**Instructions for the task**. Retype the entries, please, from their first line to the line containing "Faux Taxidermy Rhino", exactly and only those lines, minus the pictures.

====

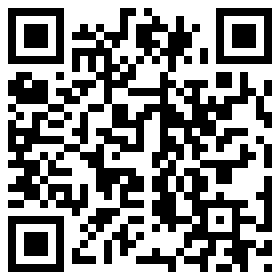 qrcode für PNY SSD7CS900-1TB-RB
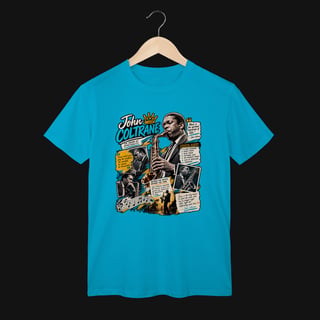 Nome do produto John Coltrane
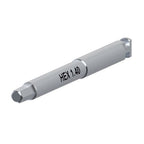Tournevis Medentis® ICX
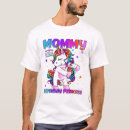 Suche nach geburtstagsprinzessin tshirts Liebhaber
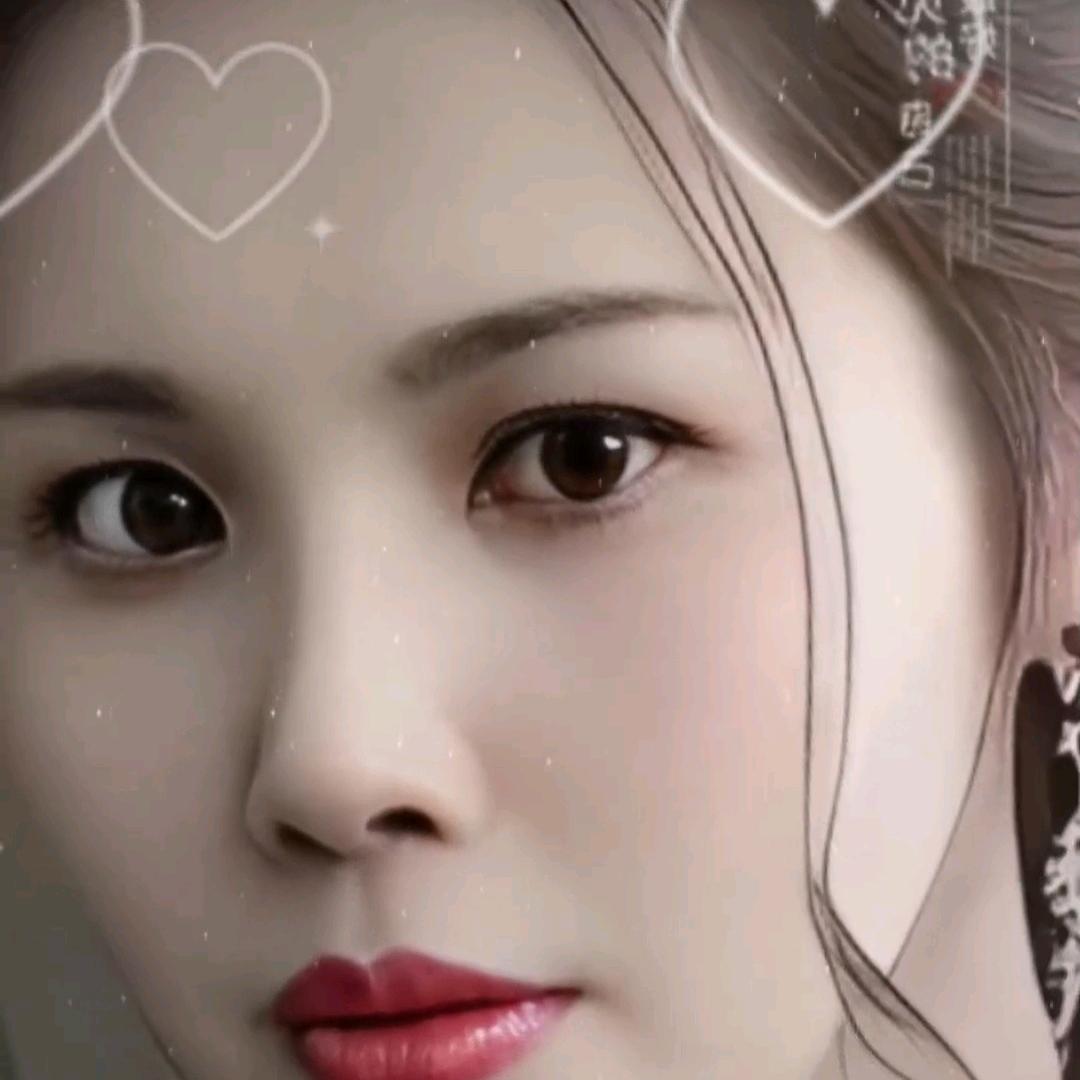 琴琴🌺休闲时尚服饰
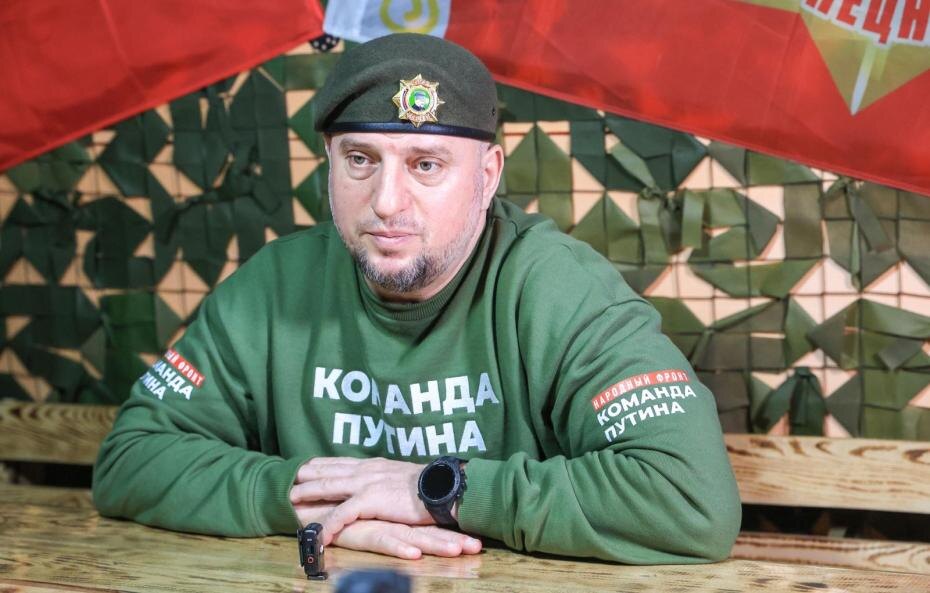    Наталья Шатохина/NEWS.ru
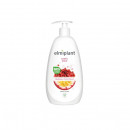 Săpun lichid Elmiplant Exotic Elixir cu Merisoare si Fructul Pasiunii, 500ml
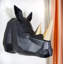 Faux Taxidermy Rhino Wall Art-44990299-26555898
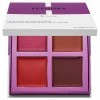 Best deal 🌟 SEPHORA COLLECTION Clean Velvet Cream Blush Palette Candied ✔️ 1 Best deal 🌟 SEPHORA COLLECTION Clean Velvet Cream Blush Palette Candied ✔️ -Beauty Shop unnamed file 3342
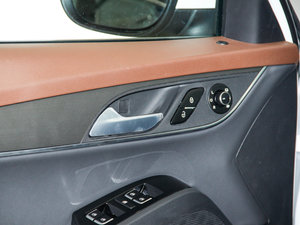 201725TGDI Ԅ(dng)(q) g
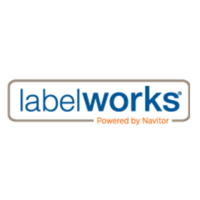 Label Works jobs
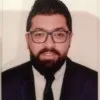 Mohamed Ellafy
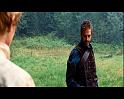 PDVD_1318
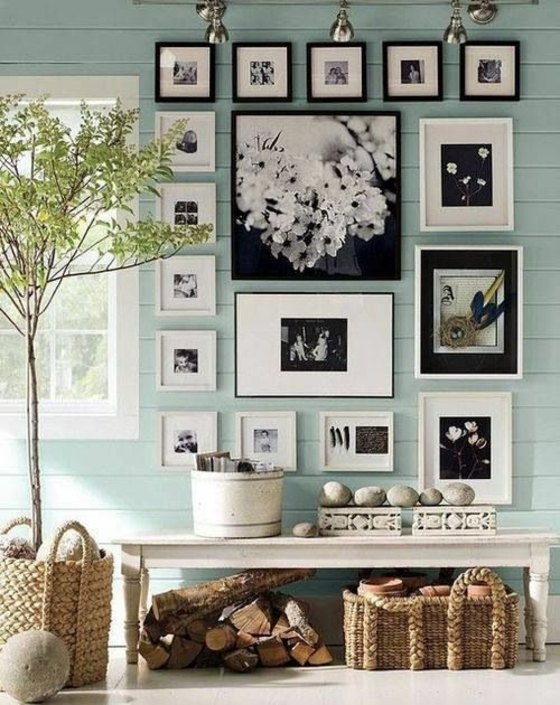 Interior design ideas for a cozy and modern home Interior design ideas for a cozy and modern home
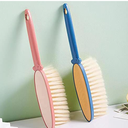 CLEANING BRUSH CARROT SHAPED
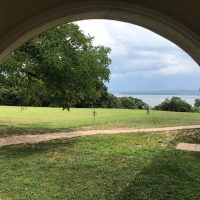 Sustainable Tours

====

**Result below**.
 qrcode für PNY SSD7CS900-1TB-RB
 Nome do produto John Coltrane
Tournevis Medentis® ICX
 Suche nach geburtstagsprinzessin tshirts Liebhaber
 琴琴🌺休闲时尚服饰
    Наталья Шатохина/NEWS.ru
 Săpun lichid Elmiplant Exotic Elixir cu Merisoare si Fructul Pasiunii, 500ml
 Faux Taxidermy Rhino Wall Art-44990299-26555898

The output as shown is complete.